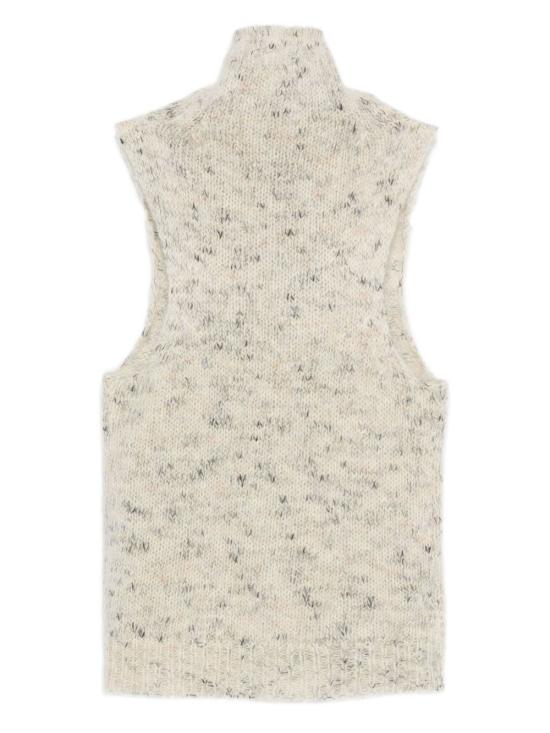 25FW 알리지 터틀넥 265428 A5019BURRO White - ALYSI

==

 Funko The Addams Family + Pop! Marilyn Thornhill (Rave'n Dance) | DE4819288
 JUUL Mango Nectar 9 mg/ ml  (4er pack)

ASSIGNED TASK: Exact duplication is required for the lines above, from the line that contains "Funko The Addams" to the line that contains "JUUL Mango Nectar", inclusive; omit all others.

RESULT OF THE EXERCISE:
 Funko The Addams Family + Pop! Marilyn Thornhill (Rave'n Dance) | DE4819288
 JUUL Mango Nectar 9 mg/ ml  (4er pack)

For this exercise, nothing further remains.